Thinking about waiting out the recession by improving yourself at school? You're not alone - especially if you're planning on earning your master's degree.
A 2011 survey conducted by the U.S. Department of Education, "The Condition of Education," found that 49 percent more master's degrees were awarded in 2008-2009 than the decade before.
And statistics show that going back to school could have high returns when it comes to seeking employment. According to the U.S. Department of Labor's 2011 figures, those with a master's degree have a much lower unemployment rate than those who only have a high school diploma: four percent compared to 10.3 percent.
Perhaps the most important choice you could make, especially in today's economy, is which master's degree to pursue.
To help, we looked at Forbes' 2010 list of best master's degrees for this economy. The list took into account salary and job growth data from PayScale and the Department of Labor to determine which master's degrees would likely yield the best job opportunities over the next decade.
Check out five of these master's degrees - and see if any are right for you.
Are you engaging, ambitious, and a natural leader?
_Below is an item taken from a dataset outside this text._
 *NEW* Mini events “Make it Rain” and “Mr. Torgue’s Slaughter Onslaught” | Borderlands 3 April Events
You could polish those skills and hone your leadership abilities in an MBA program.
- Projected employment growth: 17 percent
- Mid-career median pay: $109,000
- Potential career paths: Business development manager, senior financial analyst, management consultant
An MBA can help you gain real-world skills that could land you managerial or executive positions in almost any industry. It could also help you get your career going. According to an August 2011 Forbes article, hiring is picking up for MBA grads, with 57 percent getting a job offer prior to graduating.
Are you always up to date on the latest gadgets and gizmos, and fascinated by all things high-tech? Then grab your state-of-the-art laptop, and get to work on a master's in information technology.
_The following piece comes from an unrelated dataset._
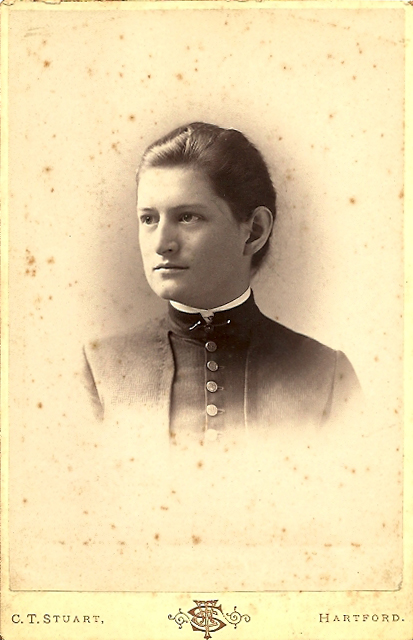 [Harriet Chapman]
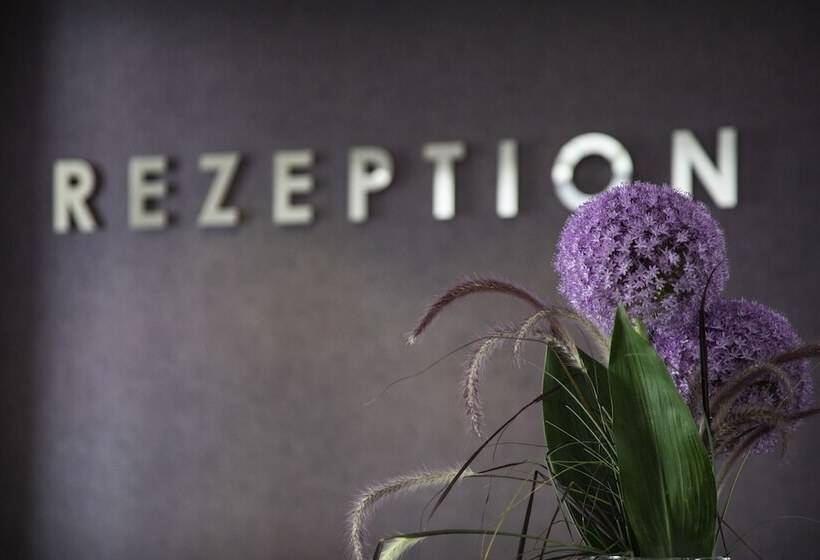 בית מלון כפרי Rheingarten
- Projected employment growth: 29 percent
- Mid-career median pay: $97,200
- Potential career paths: IT project manager, software developer, IT specialist
Students in IT master's programs will receive advanced instruction in how computer systems support the overall operations of businesses and other organizations. And because technology is evolving so quickly among many fields, those with a master's in IT should be sought after to handle these advancements across a variety of sectors, says the Department of Labor.
If you're known as a natural people person, and good at understanding others' needs and concerns, a master's degree in human resources management could be right for you.
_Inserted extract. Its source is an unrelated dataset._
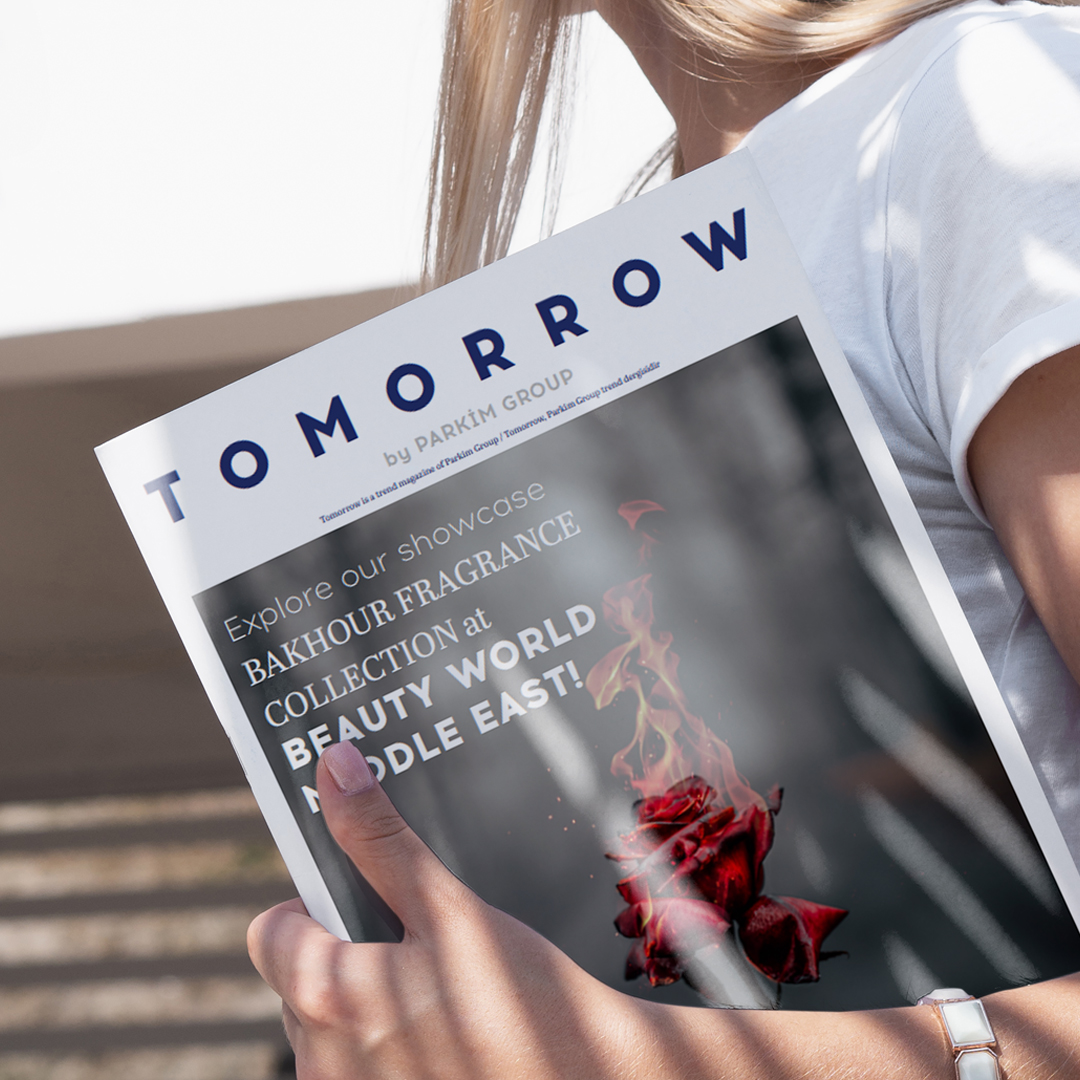 TOMORROW BY PARKİM GROUP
- Projected employment growth: 22 percent
- Mid-career median pay: $81,900
- Potential career paths: Human resources consultant, recruiter, human resources manager
Companies large and small require professionals to oversee everything from hiring and training to the sometimes-thorny issues of compensation and benefits. Earning a master's degree in human resources management could help you understand all these and more issues, plus the legal, ethical, and financial aspects of managing employees.
If you've always been immersed in the world of computers, turn that passion into a future with a master's degree in computer science. With the integration of new software programs across economic sectors, this field is expected to reach new heights.
- Projected employment growth: 27 percent
- Mid-career median pay: $111,000
- Potential career paths: Database administrator, information technology consultant, software architect
According to Forbes, this is one of the best advanced degrees to get, due to the combination of growth and pay opportunities. While no two programs are the same, the University of Arizona reports that classes on algorithms, operating systems, networks, and databases could be part of a computer science master's program. The knowledge gained in these types of courses could help students pursue management positions in the technology sector.
If you're the one your friends turn to when they need complicated economic news explained (what's a debt ceiling?), you may fit in well earning a master's in economics.
- Projected employment growth: 19 percent
- Mid-career median pay: $108,000
- Potential career paths: Economist, financial analyst, business analyst
According to the University of North Carolina, classes for a master's degree in economics may include health economics, international trade and development, labor economics, and microeconomic theory. As you can tell from the broad spectrum of topics covered by these courses, an economics degree could help you seek work in a wide variety of fields.
* All worthwhile factors - projected employment growth, mid-career median pay, and potential career paths - information is from Forbes' "Best Master's Degrees for Jobs", May 2010.